=== YOUR INSTRUCTIONS ===
The entries below hold a line with "Toddler Organic Cotton" and a line with "Conjunto 2 Banco". Return those lines and all that lie between them, exactly and only.

=== PROVIDED INFORMATION ===
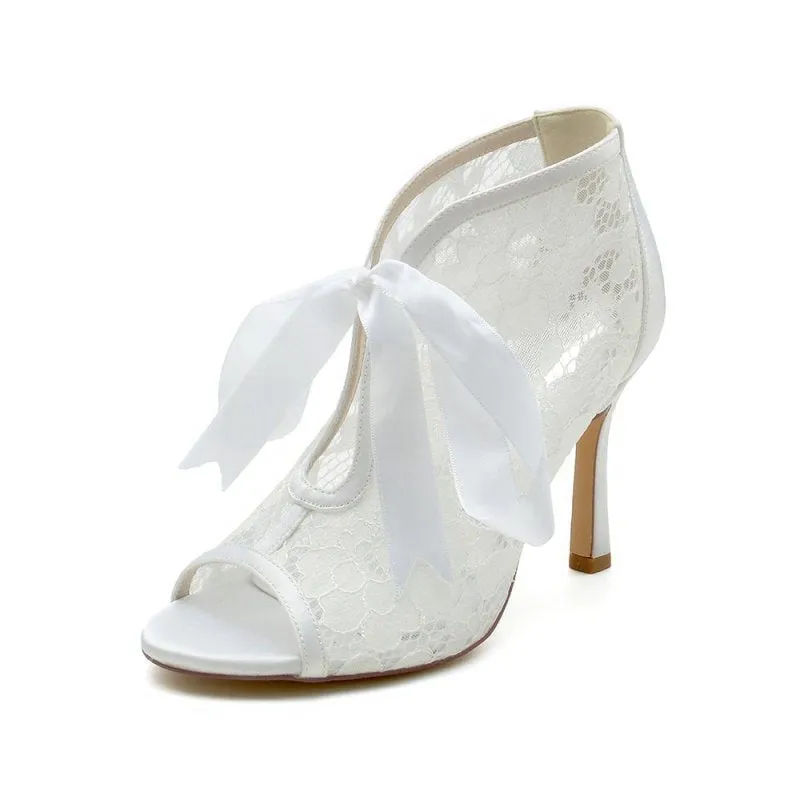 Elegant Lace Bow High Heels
...
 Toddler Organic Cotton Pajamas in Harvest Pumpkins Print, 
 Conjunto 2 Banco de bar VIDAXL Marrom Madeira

=== TASK SOLUTION ===
 Toddler Organic Cotton Pajamas in Harvest Pumpkins Print, 
 Conjunto 2 Banco de bar VIDAXL Marrom Madeira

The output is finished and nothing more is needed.